US President-elect Donald Trump is “strong and unpredictable” and those qualities can be a decisive factor in his policy approach to Russia’s invasion of Ukraine, according to Ukrainian President Volodymyr Zelensky.
But Mr Zelensky said it would not be possible to end the almost three years of war in one day, as Mr Trump claimed he could do during his election campaign.
“The ‘hot’ stage of the war can end quite quickly, if Trump is strong in his position,” Mr Zelensky said in a Ukrainian television interview late on Thursday, referring to fighting on the battlefield.
Mr Trump, who takes office on January 20, has not publicly fleshed out his policy on Ukraine but his previous comments have put a question mark over whether the US will continue to be Ukraine’s biggest — and most important — military backer.
Mr Zelensky is eager to guarantee that Washington’s support keeps coming, and he met with Mr Trump in New York even before last November’s US presidential election.
With the war about to enter its fourth year next month, and with Mr Trump coming to power, the question of how and when Europe’s biggest conflict since the Second World War might end has come to the fore.
Russia controls about one-fifth of Ukraine and last year capitalised on weaknesses in Ukraine’s defences to slowly advance in eastern areas despite high losses of troops and equipment.
The war’s trajectory is not in Ukraine’s favour. The country is short-handed on the front line and needs continued support from its Western partners.
Mr Trump responded favourably to the possibility raised by French President Emmanuel Macron of Western peacekeepers being deployed in Ukraine to oversee an agreement that stops the fighting, Mr Zelensky said.
He met with Mr Trump and Mr Macron in Paris last month.
“But I raised an issue, saying we didn’t hear what specific countries will join this initiative, and whether the US will be there,” Mr Zelensky said.
The Ukrainian leader is determined for his country to become a Nato member.
The alliance’s 32-member countries say Ukraine will join one day, but not until the war ends.
“The deployment of European troops (to keep the peace in Ukraine) should not rule out Ukraine’s future in Nato,” Mr Zelensky said in the television interview.

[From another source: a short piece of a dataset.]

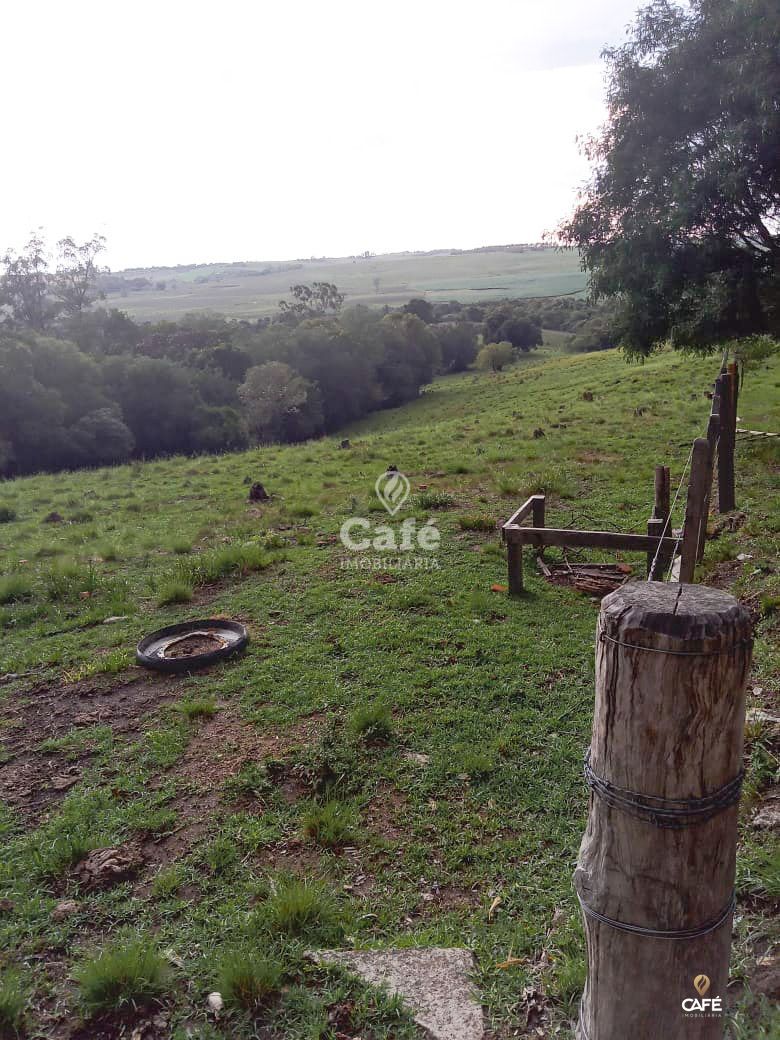 Chácara à venda com 2 quartos, 100m² - Foto 9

Mr Zelensky described the incursion by Ukrainian forces into Russia’s Kursk border region as a “very strong trump card” in any future peace negotiations.
In a bid to counter glum news from the front line, Ukraine seized part of Kursk last August in what was the first occupation of Russian territory since the Second World War.
But the incursion did not significantly change the dynamic of the war, and military analysts say Ukraine has lost some 40% of the land it initially captured.
Nevertheless, Mr Zelensky said the achievement impressed countries in Asia, South America and Africa and tarnished Russia’s military reputation.